The ceremonial inauguration, with a performance of the traditional Chaiti Ghoda dance, feels out of place in this bohemia. The surfers grab their boards and lunge into the waters. There are about 60 of them, from New Zealand, Hawaii and Australia, alongside surfing communities from Mahabalipuram, Vishakhapatnam, Puducherry, Gokarna, Manipal and Kovalam. “It is a beautiful beach and not one bit crowded,” says Yogi, attempting to manage both his surfboard and the curtain of wet dreadlocks that closes over his eyes. In Hawaii, he says, a beach like this will be crowded with 400 people. He spent the past six months in Sri Lanka as a surfing instructor. He will spend the next six months in India. “I started surfing when I was five. I learnt it from my mom and dad. Swimming and surfing, that's the only thing we know.” He adds, somewhat redundantly, that swimming is one of the key skills needed to survive in Hawaii. As if anyone in that island paradise would choose to sit on a shaded part of the shore and just read a book.
A new sport
Nomadic surfers like Yogi fostered the Indian surfing community. Anudeep, a professional yachter who likes to be called Andy, began to learn surfing five years ago when he came across a surfer from the US. “The surfing community is a small one where everybody knows everybody,” he says from Visakhapatnam. Apart from groups like Surfing Yogis, The Surfing Swamis, people like Mukesh from Mahabalipuram have established small surfing institutes, whose graduates are now skimming across these waves. A small crowd gathers around the shore, squinting and craning their necks to catch these surfers and the effortless ease with which they navigate the turbulence of the sea.
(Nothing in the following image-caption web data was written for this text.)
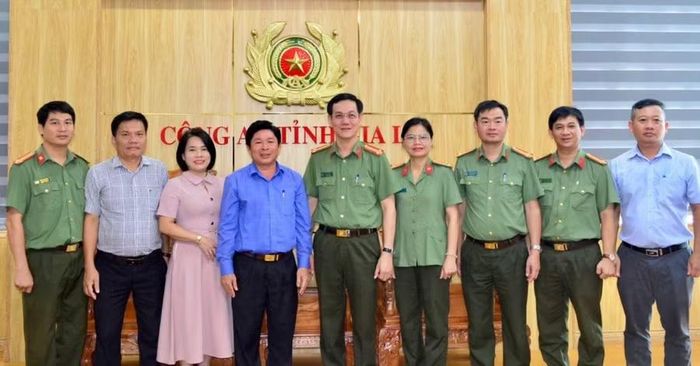  Đoàn đến chúc mừng và cảm ơn những đóng góp của lực lượng Công an tỉnh Gia Lai. Ảnh: Đ.Y 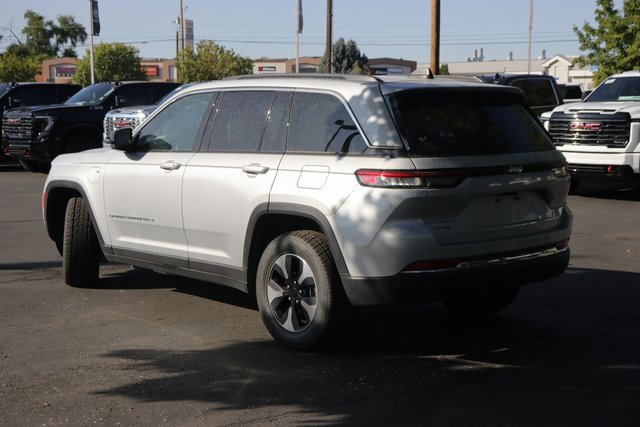 2024 Jeep Cherokee Limited 4xe photo 3
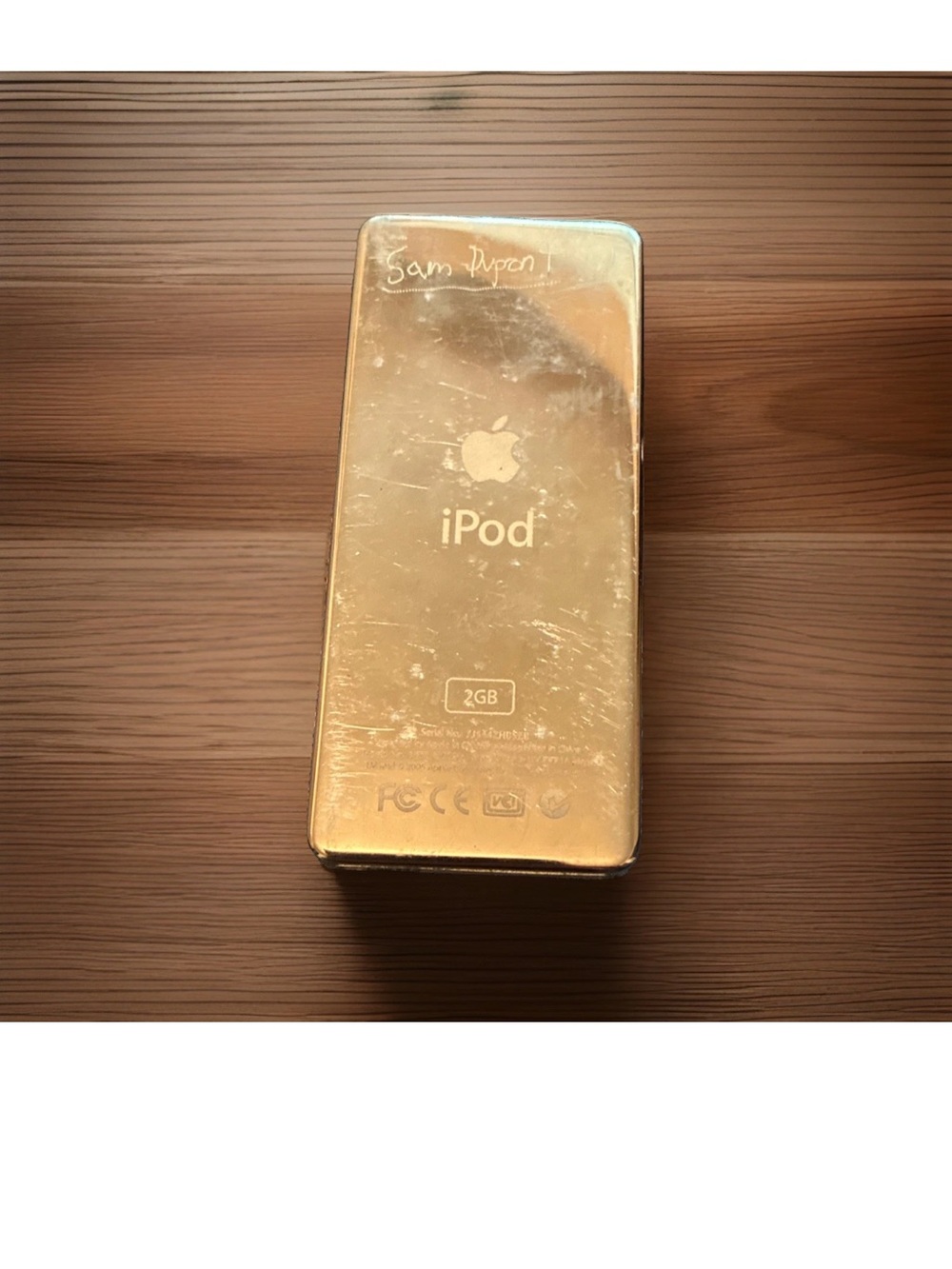 Apple iPod Nano Black with White Click Wheel - Picture 4 of 6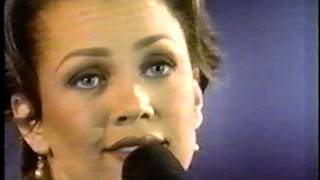 VANESSA WILLIAMS-SWEETEST DAYS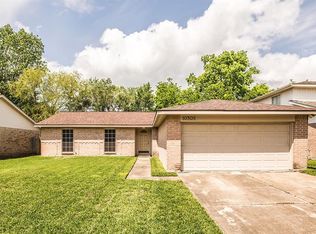 10302 Rancho Bernardo Ln, Sugar Land, TX 77498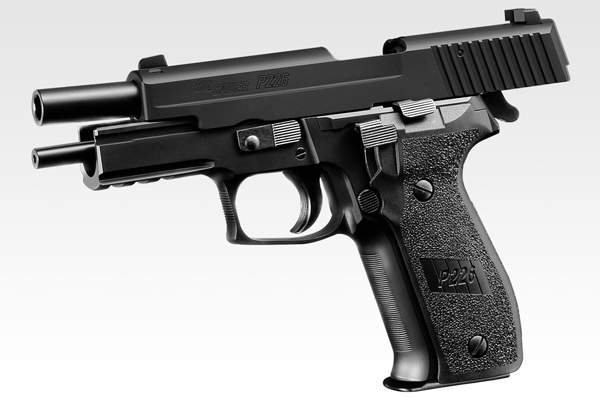 <東京マルイ>ガスガン シグザウエルP226RAIL(対象年齢18歳以上)
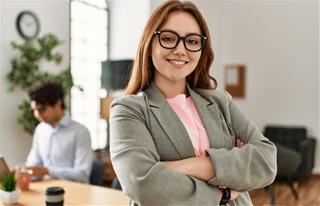 Tử vi hôm nay - Top 3 con giáp may mắn nhất ngày 28 Tết (27/1/2025)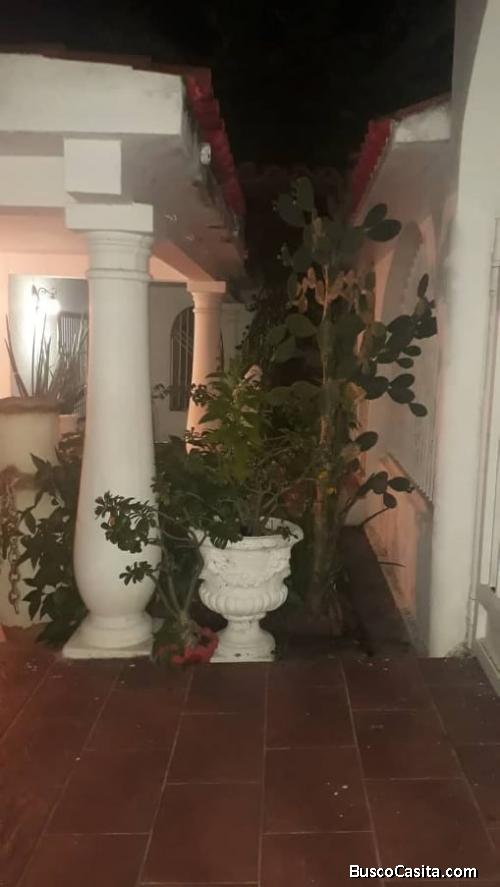 Vendo espectacular casa en zona comercial estrategica todo centrico San felix 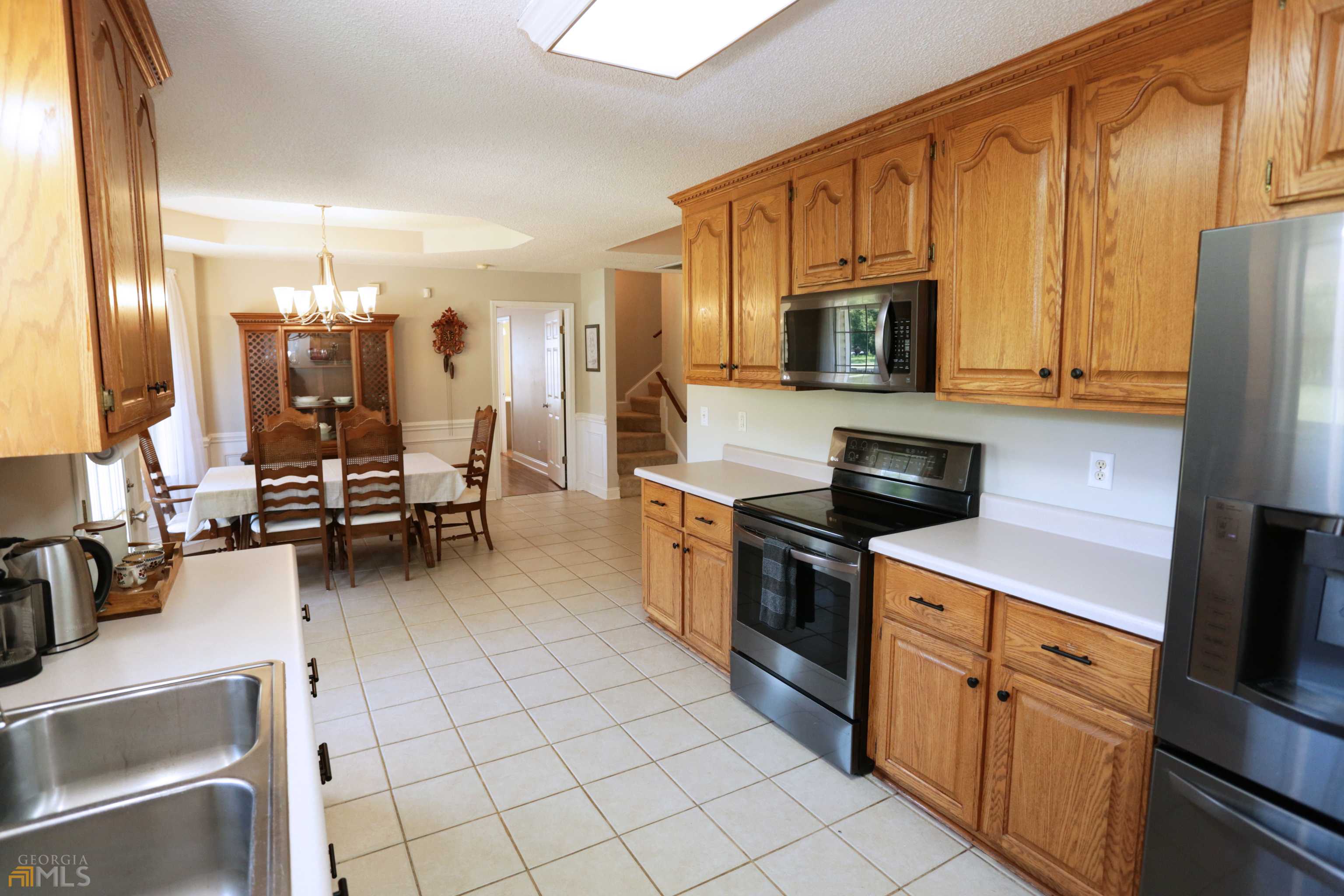 Warner Robins, GA 31088,1148 Thornblade DR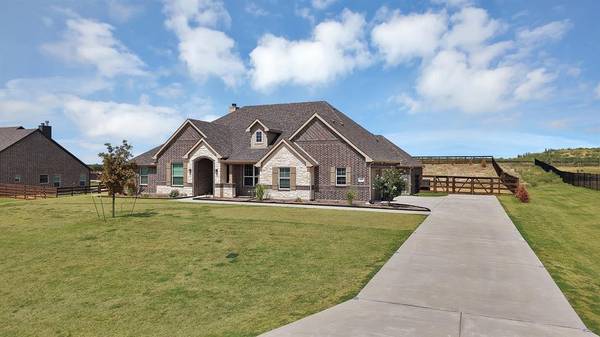 3608 Horseshoe Drive, Van Alstyne, TX 75495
A man with his camera and tripod wades in, braving the waves to freeze these moments for an eternity. Du Fengyan's journey started on a bicycle from Beijing, continued across Vietnam and Cambodia, and has now ended in India. “You don't need a lot of money to travel,” he says. He befriends the locals and stays with them. There are days he doesn't have to spend more than Rs.100. He will now head to Pakistan.
There are people everywhere, and everyone has a story to narrate. An artist named Vinay Pateel, in a white T-shirt and geeky glasses, is setting up his works in a corner. He was an engineer. He hopped off the treadmill in order to specialise in digital art, a sample of which is on display in the logo on the T-shirts for the event, that of a bearded yogi communing with the waves. Elsewhere, the logo seems to have erupted to life. There are many yogis around me, communing with the waves and with each other. The India Surf Festival, contrary to the name that suggests the commingling of big-name detergent manufacturers, is a melting pot of the most interesting people. A textile designer and with her documentary-filmmaker husband. An engineer turned bookshop owner. An animation artist with her sporting mother.
Feel at home
As the sun sets, Argentinean Sebastian Vilarino begins to juggle in rhythm to trance music. He is joined by the Indie band The Mavyns, with their quirky rendition of songs of The Ventures, and Tribal Flora, a music band from Mumbai that experimented with mouth harps, didgeridoos, drums and flutes. Trip Tandav opted for psychedelia, an amalgam of Sanskrit slokas and bhajans underscoring live painting by artists from the Nova Collective. I spend my first night at the surfing village, and the next morning I am greeted by friendly voices which made me forget I am on my own. Everyone's a friend here, and every friendship has a story. Sand artist and sculptor Sridhar Dash has befriended Scott Jeffery, an Australian who quit his television job in London and began globetrotting on a bicycle with little more than a tent and a very effective GPS. Jeffery has learnt that Dash had no online presence, and he has promised to enshrine his friend in a website before he heads out east. Sanjay Samantaray, founder of Surfing Yogis, the organising group, says, “A surf festival is about 50 per cent surfing and 50 per cent art.” It is also about people, one hundred per cent.